*** Entries supplied

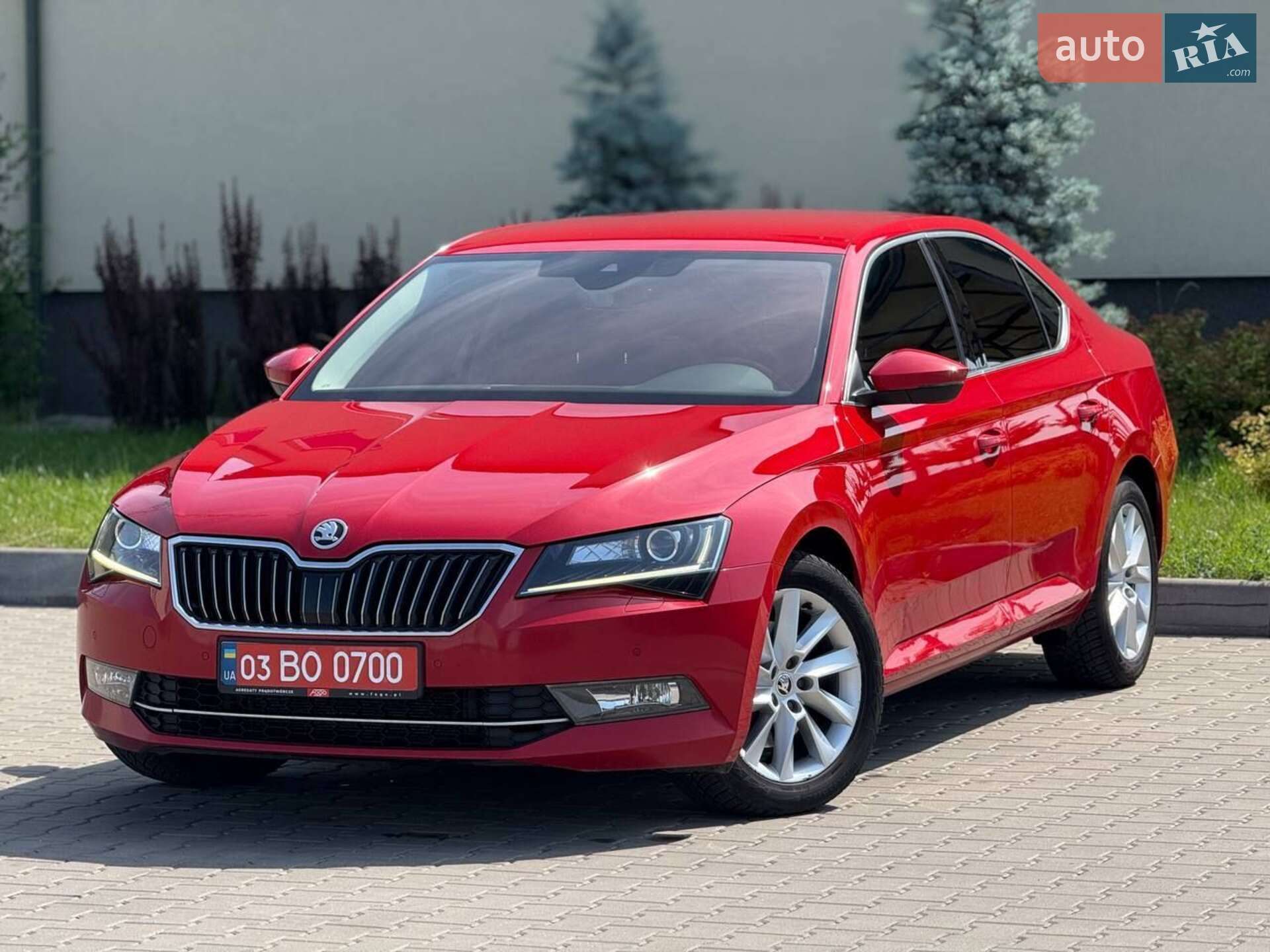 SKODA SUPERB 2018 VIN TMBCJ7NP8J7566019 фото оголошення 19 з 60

******
*** Entries supplied

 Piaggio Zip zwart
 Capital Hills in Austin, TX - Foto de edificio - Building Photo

******
*** Entries supplied

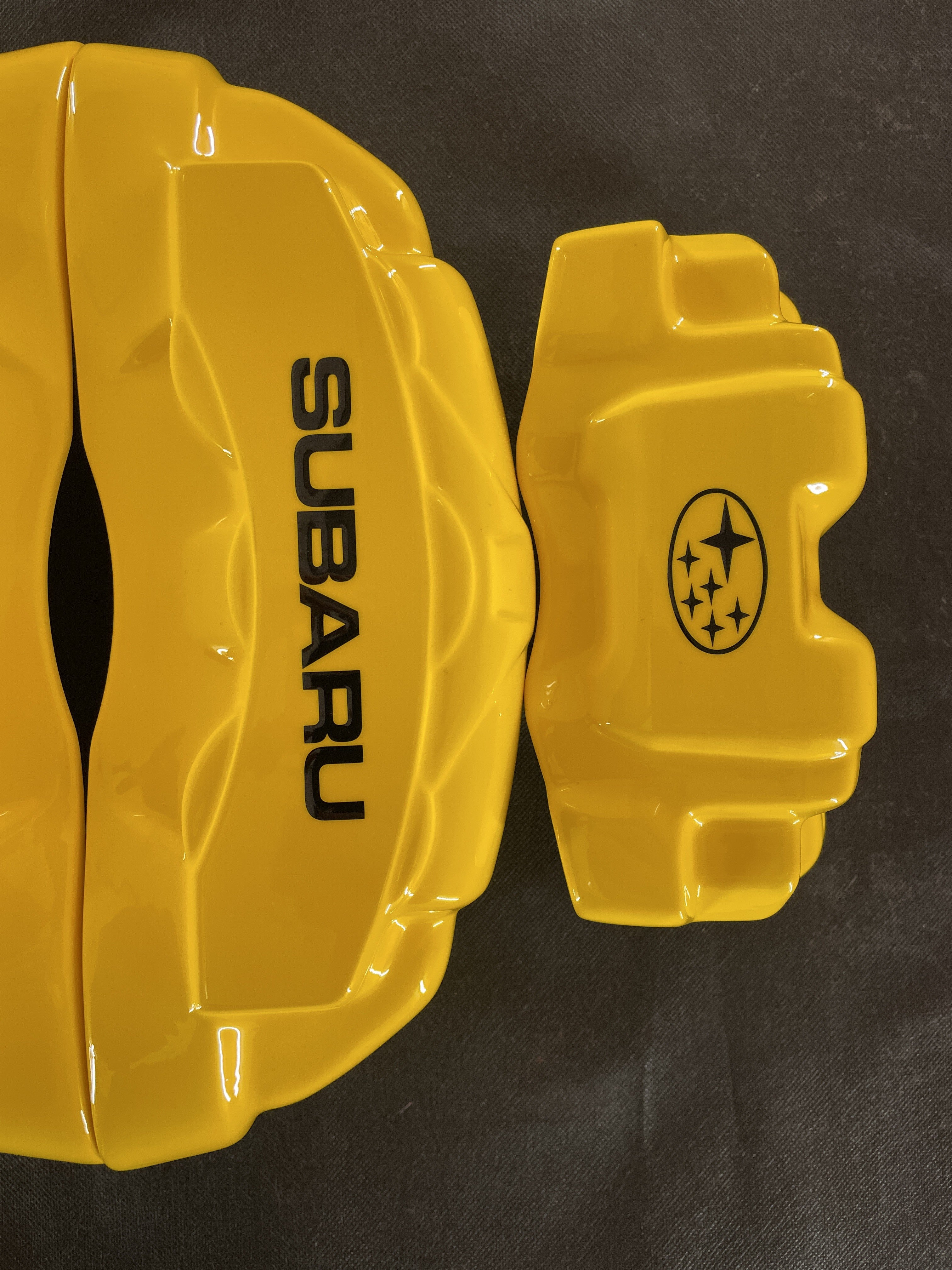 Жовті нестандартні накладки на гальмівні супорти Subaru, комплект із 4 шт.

******

### [Activity]
Quote the data above from the line containing "Piaggio Zip zwart" to the line containing "Capital Hills in", inclusive, and stop.

### [The answer]
 Piaggio Zip zwart
 Capital Hills in Austin, TX - Foto de edificio - Building Photo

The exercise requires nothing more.